Well, on the example of Latin (note that I don't know much Latin, so
this is by no means comprehensive or even assuredly correct...):
The nominative is used for predicative sentences, e.g.
|Iulia pulchra est.|
Julia:NOM beautiful:NOM is
"Julia is beautiful."
The accusative can be used for time spans...
|Multos menses aeger erat.|
many:ACC months:ACC sick:NOM was
"He was sick for many months."
...for the subject of indirect speech...
|Nuntio regem mortuum esse.|
I_report king:ACC dead:ACC be
"I report the king to be dead; I report that the king is dead."
...and after certain prepositions to show a sense of direction rather
than location, which would be expressed with the ablative case.
|In forum currit.|
in marketplace:ACC runs
"He runs TO/INTO the marketplace."
|In foro currit.|
in marketplace:ABL runs
"He runs (around) IN the marketplace."
The dative can be used for possession:
"It belongs to me."
The genitive can be used for ascribing qualities:
|Magnae virtutis est.|
big:GEN virtue:GEN is
"He is (a man) of great virtue."
> third :What other cases can there be, and what is there use?

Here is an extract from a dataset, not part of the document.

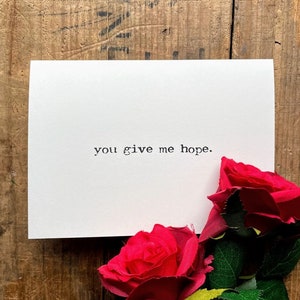 me das esperanza tarjeta de felicitación de cumplido en fuente de máquina de escribir con sobre y pegatina de rosa, tarjeta tamaño 4x5.5, amistad, tarjeta de graduación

My own conlang Obrenje does away with the accusative/dative
distinction and uses two other cases, predicative/objective
instead. They bear the same work load, but share the duties
Peter Clark wrote:
> If there are langs (con- or nat-) that only have two, I'd
> be interested in hearing about it."
Esperanto only has a common case and an accusative.